If you are using BAM files where you do not trust the validity of every alignment in the file, you can filter the alignments for minimum nucleotide identity using the -z option.

5) Run Vamb

By default, Vamb does not output any FASTA files of the bins. In the examples below, the option --minfasta 200000 is set, meaning that all bins with a size of 200 kbp or more will be output as FASTA files. Run Vamb with:

vamb -o SEP --outdir OUT --fasta FASTA --bamfiles BAM1 BAM2 [...] --minfasta 200000,

where SEP in the {Separator} chosen in step 3, e.g. C in that example, OUT is the name of the output directory to create, FASTA the path to the FASTA file and BAM1 the path to the first BAM file. You can also use shell globbing to input multiple BAM files: my_bamdir/*bam.

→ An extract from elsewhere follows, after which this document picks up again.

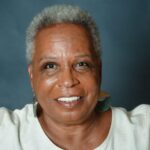 The image is a close-up portrait of Shakiri, a Black woman with short curly grey hair. She is smiling and has a warm, open expression. She’s wearing large earrings that are gold and jade green and an off-white tunic with buttons at her neckline. Photo by Nano Visser.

Note that if you provide insufficient memory (RAM) to Vamb, it will run very slowly due to thrashing. Make sure you don't run out of RAM!

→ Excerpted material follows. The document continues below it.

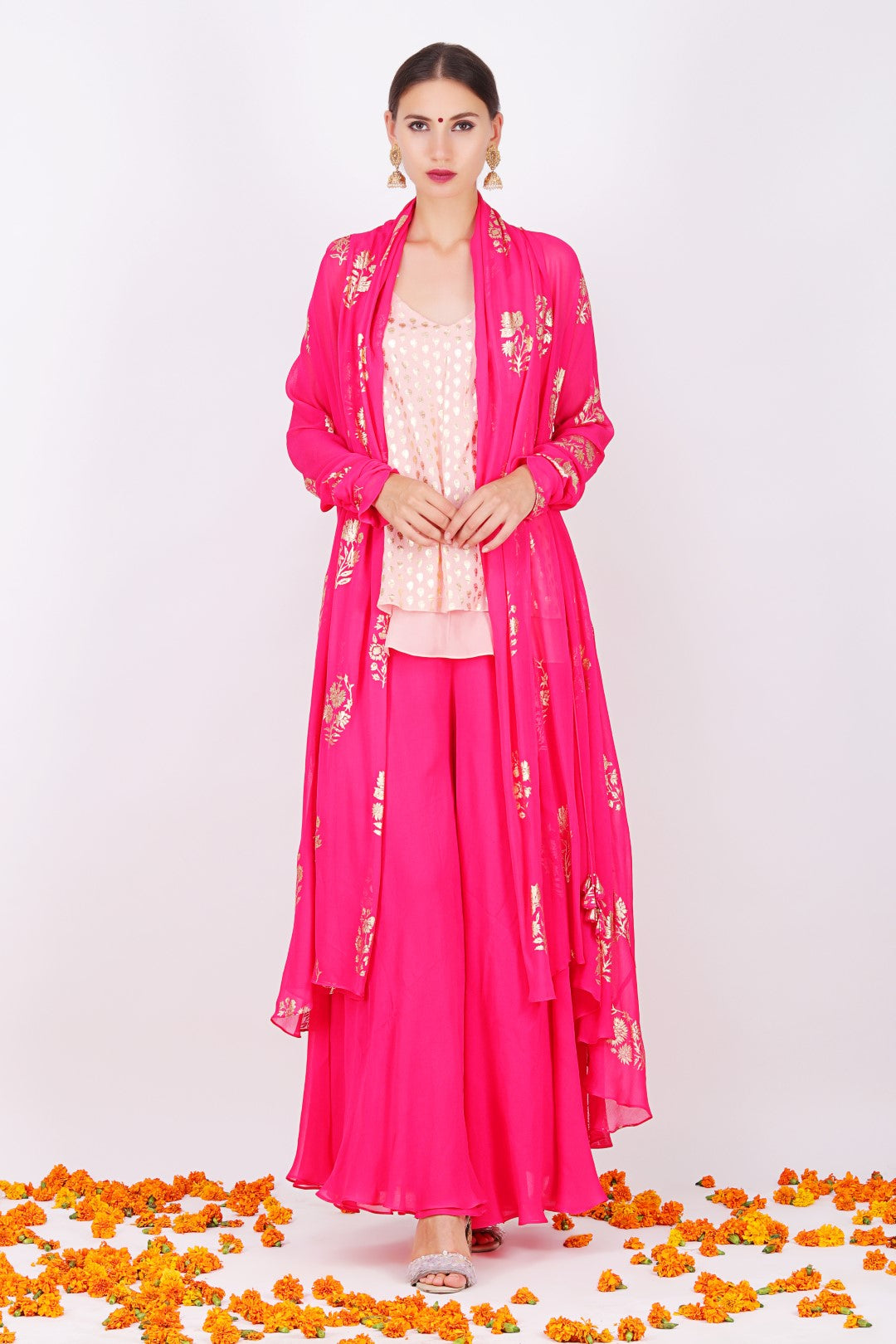 Rani pink georgette foil printed shrug with dusky salmon crepe cami top and sharara.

6) Postprocess the results

Vamb will bin every input contig. Contigs that cannot be binned with other contigs will result in single-bin contigs. Therefore, the output of Vamb includes many tiny bins, which may be relevant if you are looking for e.g. plasmids or viruses, but not if you are looking for cellular genomes. These small bins may account for the large majority of bins. When using the output of Vamb, it is therefore CRITICAL to filter the output bins based on whatever criteria is relevant for your particular analysis. You could use a binning quality control tool such as CheckM, or align the bins to reference genomes, or simply filter away all bins smaller than, say, 500 kbp.

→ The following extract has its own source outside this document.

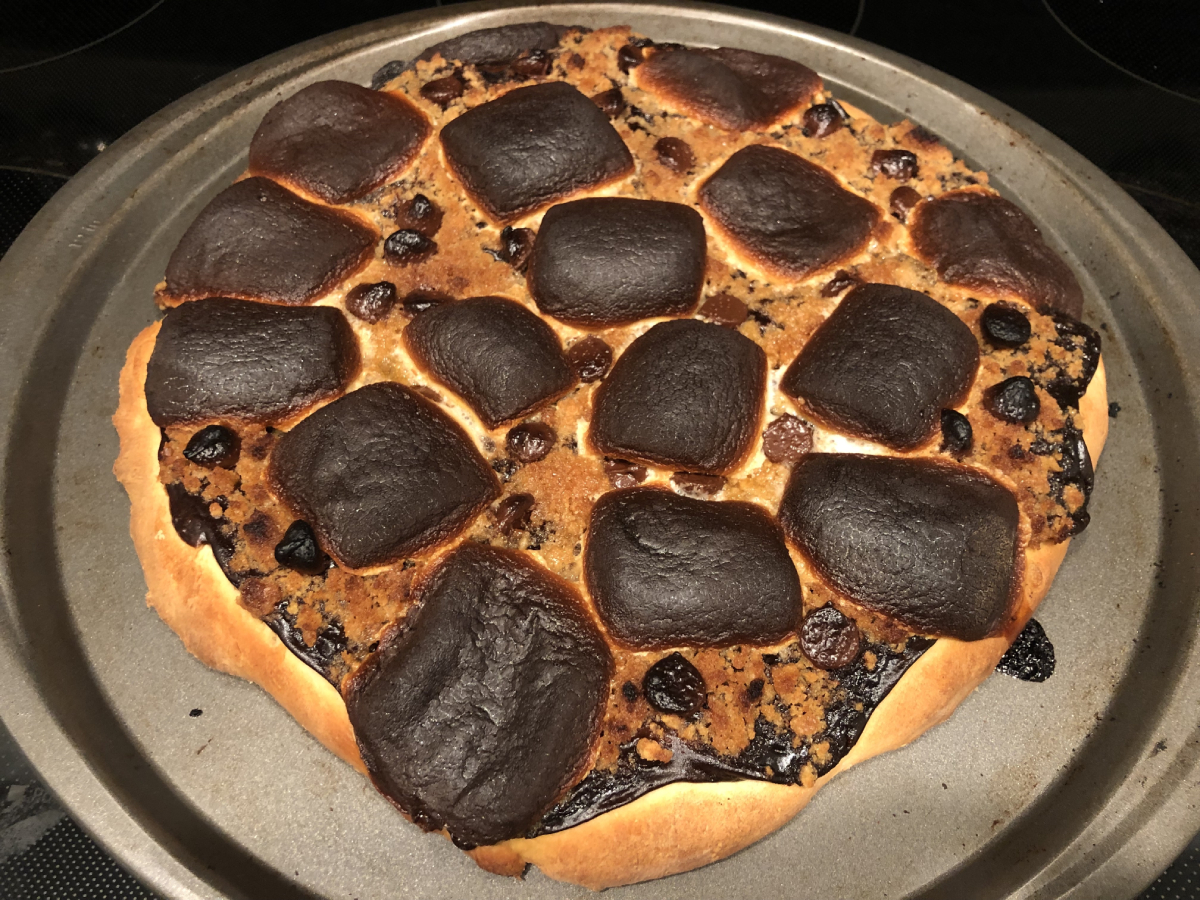 Baked s'mores pizza; graham has turned golden brown and marshmallows have a crispy outer coating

Parameter optimisation (optional)

The default hyperparameters of Vamb will provide good performance on any dataset. However, since running Vamb is fast (especially using GPUs) it is possible to try to run Vamb with different hyperparameters to see if better performance can be achieved (note that here we measure performance as the number of near-complete bins assessed by CheckM). We recommend to try to increase and decrease the size of the neural network and have used Vamb on datasets where increasing the network resulted in more near-complete bins and other datasets where decreasing the network resulted in more near-complete bins. To do this you can run Vamb as (default for multiple samples is -l 32 -n 512 512):

vamb -l 24 -n 384 384 --outdir path/to/outdir --fasta /path/to/catalogue.fna.gz --bamfiles /path/to/bam/*.bam -o C --minfasta 200000
vamb -l 40 -n 768 768 --outdir path/to/outdir --fasta /path/to/catalogue.fna.gz --bamfiles /path/to/bam/*.bam -o C --minfasta 200000

It is possible to try any combination of latent and hidden neurons as well as other sizes of the layers. Number of near-complete bins can be assessed using CheckM and compared between the methods. Potentially see the snakemake folder workflow for an automated way to run Vamb with multiple parameters.